__Data shown__:
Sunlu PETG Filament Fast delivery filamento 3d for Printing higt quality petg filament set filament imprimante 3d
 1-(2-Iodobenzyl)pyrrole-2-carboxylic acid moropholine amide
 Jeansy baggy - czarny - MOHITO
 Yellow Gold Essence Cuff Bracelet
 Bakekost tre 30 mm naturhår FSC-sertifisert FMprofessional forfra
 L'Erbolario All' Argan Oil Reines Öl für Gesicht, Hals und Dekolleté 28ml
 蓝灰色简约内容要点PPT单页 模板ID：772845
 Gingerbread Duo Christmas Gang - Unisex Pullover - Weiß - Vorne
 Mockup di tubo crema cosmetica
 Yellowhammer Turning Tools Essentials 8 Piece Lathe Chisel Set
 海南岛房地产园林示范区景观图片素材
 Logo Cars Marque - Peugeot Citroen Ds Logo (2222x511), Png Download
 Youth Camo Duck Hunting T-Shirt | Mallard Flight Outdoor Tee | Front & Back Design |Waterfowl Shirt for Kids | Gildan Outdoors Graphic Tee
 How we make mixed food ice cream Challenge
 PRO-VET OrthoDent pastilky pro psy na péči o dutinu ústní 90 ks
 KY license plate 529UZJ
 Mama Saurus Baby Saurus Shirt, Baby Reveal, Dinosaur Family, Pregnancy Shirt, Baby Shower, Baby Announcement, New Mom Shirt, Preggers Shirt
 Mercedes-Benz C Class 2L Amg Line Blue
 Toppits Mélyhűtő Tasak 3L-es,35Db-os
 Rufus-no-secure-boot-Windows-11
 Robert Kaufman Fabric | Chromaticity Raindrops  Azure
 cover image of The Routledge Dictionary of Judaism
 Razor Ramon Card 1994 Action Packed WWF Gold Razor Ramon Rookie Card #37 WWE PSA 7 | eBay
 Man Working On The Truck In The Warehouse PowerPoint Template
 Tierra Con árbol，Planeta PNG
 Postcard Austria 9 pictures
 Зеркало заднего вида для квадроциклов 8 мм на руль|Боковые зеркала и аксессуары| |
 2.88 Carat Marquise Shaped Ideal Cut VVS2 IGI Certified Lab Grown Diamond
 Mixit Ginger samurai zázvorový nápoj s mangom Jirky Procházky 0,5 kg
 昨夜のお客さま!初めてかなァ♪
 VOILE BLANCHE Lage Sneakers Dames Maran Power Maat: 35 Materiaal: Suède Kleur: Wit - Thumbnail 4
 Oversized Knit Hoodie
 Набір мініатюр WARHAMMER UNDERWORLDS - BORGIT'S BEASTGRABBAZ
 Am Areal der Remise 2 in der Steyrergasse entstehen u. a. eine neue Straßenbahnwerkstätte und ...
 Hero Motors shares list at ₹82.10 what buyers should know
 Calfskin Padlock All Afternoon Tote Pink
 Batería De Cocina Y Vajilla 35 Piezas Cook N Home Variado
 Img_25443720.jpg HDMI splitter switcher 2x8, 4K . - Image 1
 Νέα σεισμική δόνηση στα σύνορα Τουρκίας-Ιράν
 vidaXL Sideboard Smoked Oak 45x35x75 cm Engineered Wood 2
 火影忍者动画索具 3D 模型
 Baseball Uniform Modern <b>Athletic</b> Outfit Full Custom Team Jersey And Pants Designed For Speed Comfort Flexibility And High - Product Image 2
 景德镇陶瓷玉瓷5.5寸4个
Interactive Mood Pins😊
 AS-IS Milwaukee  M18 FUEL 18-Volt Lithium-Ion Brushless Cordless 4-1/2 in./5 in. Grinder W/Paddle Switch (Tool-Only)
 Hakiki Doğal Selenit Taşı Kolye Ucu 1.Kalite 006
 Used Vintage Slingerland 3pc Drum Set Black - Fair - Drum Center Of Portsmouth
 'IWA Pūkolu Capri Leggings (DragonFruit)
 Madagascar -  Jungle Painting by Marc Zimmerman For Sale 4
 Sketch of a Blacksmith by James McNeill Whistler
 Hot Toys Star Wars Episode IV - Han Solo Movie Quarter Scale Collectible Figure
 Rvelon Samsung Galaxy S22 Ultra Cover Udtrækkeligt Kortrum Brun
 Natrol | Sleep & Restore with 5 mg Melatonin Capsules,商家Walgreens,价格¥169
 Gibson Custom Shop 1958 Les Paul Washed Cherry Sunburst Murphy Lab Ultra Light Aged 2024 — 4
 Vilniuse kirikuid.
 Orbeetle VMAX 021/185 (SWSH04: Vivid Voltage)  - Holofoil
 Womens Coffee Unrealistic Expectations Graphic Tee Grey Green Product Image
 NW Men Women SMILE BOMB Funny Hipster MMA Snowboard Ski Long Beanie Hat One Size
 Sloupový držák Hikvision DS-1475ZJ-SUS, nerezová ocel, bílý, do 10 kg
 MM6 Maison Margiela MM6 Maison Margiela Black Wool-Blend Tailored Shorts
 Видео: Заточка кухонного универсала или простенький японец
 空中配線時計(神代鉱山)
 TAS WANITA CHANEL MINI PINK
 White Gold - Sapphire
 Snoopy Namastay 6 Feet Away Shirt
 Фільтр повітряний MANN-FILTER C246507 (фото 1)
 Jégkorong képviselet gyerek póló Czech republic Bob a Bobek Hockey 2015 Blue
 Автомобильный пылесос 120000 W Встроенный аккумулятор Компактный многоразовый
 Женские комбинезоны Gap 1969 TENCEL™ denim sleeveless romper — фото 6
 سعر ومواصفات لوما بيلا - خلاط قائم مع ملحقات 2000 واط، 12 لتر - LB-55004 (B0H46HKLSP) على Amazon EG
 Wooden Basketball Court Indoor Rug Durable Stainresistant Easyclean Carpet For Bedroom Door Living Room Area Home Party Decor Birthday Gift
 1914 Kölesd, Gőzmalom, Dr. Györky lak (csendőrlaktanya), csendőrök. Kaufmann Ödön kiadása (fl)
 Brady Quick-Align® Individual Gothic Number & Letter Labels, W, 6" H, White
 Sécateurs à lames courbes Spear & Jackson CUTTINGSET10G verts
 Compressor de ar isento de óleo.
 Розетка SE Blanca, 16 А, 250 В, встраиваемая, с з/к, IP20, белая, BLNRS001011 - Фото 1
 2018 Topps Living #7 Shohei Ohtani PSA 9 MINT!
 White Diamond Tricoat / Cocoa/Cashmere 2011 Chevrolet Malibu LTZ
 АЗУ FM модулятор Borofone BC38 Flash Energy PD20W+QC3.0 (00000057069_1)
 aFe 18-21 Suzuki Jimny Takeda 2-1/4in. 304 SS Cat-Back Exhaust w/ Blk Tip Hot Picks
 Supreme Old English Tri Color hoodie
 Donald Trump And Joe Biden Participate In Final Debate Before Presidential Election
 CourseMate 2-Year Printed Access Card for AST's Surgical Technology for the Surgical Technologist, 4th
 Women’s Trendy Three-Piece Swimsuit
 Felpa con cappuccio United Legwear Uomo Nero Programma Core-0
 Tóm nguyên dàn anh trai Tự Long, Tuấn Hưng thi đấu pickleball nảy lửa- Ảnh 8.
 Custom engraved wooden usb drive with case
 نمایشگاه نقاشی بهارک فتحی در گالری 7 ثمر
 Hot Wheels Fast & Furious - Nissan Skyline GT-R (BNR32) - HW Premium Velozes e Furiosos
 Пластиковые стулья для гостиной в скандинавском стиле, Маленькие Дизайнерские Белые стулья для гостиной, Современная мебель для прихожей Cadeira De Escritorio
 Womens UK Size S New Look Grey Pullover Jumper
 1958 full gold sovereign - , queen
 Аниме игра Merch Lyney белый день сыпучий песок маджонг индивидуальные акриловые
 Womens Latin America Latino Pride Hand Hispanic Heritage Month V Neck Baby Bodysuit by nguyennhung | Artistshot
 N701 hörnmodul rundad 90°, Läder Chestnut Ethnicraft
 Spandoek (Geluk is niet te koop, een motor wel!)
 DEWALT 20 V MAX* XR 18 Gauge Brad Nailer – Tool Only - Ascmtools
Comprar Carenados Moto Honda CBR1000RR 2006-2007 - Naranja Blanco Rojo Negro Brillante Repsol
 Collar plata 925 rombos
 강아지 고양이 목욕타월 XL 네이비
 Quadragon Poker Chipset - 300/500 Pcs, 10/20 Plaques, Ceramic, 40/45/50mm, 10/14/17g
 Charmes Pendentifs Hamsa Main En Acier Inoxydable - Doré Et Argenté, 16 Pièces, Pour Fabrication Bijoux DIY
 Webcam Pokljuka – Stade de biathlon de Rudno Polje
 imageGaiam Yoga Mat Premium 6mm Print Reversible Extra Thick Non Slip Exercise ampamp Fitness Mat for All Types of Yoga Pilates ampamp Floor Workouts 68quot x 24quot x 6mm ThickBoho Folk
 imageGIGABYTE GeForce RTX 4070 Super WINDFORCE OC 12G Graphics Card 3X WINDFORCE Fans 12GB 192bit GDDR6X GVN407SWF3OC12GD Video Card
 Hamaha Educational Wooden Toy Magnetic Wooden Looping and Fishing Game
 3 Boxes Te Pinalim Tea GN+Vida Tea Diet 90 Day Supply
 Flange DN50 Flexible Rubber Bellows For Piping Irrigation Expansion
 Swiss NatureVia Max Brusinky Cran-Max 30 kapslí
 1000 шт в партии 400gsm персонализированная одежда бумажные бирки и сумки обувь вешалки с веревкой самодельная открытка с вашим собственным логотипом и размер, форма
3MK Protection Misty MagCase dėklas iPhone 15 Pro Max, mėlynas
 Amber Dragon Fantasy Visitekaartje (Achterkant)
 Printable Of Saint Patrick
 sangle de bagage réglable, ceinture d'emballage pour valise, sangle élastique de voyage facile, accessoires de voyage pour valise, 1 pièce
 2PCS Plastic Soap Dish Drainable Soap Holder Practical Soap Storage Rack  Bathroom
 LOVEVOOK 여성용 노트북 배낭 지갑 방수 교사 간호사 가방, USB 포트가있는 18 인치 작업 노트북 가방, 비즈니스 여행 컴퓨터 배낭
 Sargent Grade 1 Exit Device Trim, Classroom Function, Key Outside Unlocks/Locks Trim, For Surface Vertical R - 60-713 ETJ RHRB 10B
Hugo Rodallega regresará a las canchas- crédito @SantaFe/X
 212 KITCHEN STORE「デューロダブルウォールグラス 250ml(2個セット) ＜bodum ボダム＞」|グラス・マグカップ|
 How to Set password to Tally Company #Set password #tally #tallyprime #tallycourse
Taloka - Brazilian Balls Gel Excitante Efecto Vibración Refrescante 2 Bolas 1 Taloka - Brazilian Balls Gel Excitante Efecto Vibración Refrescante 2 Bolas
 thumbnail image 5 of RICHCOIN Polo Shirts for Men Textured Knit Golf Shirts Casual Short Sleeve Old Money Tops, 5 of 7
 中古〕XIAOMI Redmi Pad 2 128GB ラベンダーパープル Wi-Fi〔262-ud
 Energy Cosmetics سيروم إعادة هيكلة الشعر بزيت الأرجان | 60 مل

__Directions__:
An exact copy of the lines above between the line holding "Women’s Trendy Three-Piece Swimsuit" and the line holding "Printable Of Saint Patrick", inclusive, is the whole answer.

__Solved exercise__:
 Women’s Trendy Three-Piece Swimsuit
 Felpa con cappuccio United Legwear Uomo Nero Programma Core-0
 Tóm nguyên dàn anh trai Tự Long, Tuấn Hưng thi đấu pickleball nảy lửa- Ảnh 8.
 Custom engraved wooden usb drive with case
 نمایشگاه نقاشی بهارک فتحی در گالری 7 ثمر
 Hot Wheels Fast & Furious - Nissan Skyline GT-R (BNR32) - HW Premium Velozes e Furiosos
 Пластиковые стулья для гостиной в скандинавском стиле, Маленькие Дизайнерские Белые стулья для гостиной, Современная мебель для прихожей Cadeira De Escritorio
 Womens UK Size S New Look Grey Pullover Jumper
 1958 full gold sovereign - , queen
 Аниме игра Merch Lyney белый день сыпучий песок маджонг индивидуальные акриловые
 Womens Latin America Latino Pride Hand Hispanic Heritage Month V Neck Baby Bodysuit by nguyennhung | Artistshot
 N701 hörnmodul rundad 90°, Läder Chestnut Ethnicraft
 Spandoek (Geluk is niet te koop, een motor wel!)
 DEWALT 20 V MAX* XR 18 Gauge Brad Nailer – Tool Only - Ascmtools
Comprar Carenados Moto Honda CBR1000RR 2006-2007 - Naranja Blanco Rojo Negro Brillante Repsol
 Collar plata 925 rombos
 강아지 고양이 목욕타월 XL 네이비
 Quadragon Poker Chipset - 300/500 Pcs, 10/20 Plaques, Ceramic, 40/45/50mm, 10/14/17g
 Charmes Pendentifs Hamsa Main En Acier Inoxydable - Doré Et Argenté, 16 Pièces, Pour Fabrication Bijoux DIY
 Webcam Pokljuka – Stade de biathlon de Rudno Polje
 imageGaiam Yoga Mat Premium 6mm Print Reversible Extra Thick Non Slip Exercise ampamp Fitness Mat for All Types of Yoga Pilates ampamp Floor Workouts 68quot x 24quot x 6mm ThickBoho Folk
 imageGIGABYTE GeForce RTX 4070 Super WINDFORCE OC 12G Graphics Card 3X WINDFORCE Fans 12GB 192bit GDDR6X GVN407SWF3OC12GD Video Card
 Hamaha Educational Wooden Toy Magnetic Wooden Looping and Fishing Game
 3 Boxes Te Pinalim Tea GN+Vida Tea Diet 90 Day Supply
 Flange DN50 Flexible Rubber Bellows For Piping Irrigation Expansion
 Swiss NatureVia Max Brusinky Cran-Max 30 kapslí
 1000 шт в партии 400gsm персонализированная одежда бумажные бирки и сумки обувь вешалки с веревкой самодельная открытка с вашим собственным логотипом и размер, форма
3MK Protection Misty MagCase dėklas iPhone 15 Pro Max, mėlynas
 Amber Dragon Fantasy Visitekaartje (Achterkant)
 Printable Of Saint Patrick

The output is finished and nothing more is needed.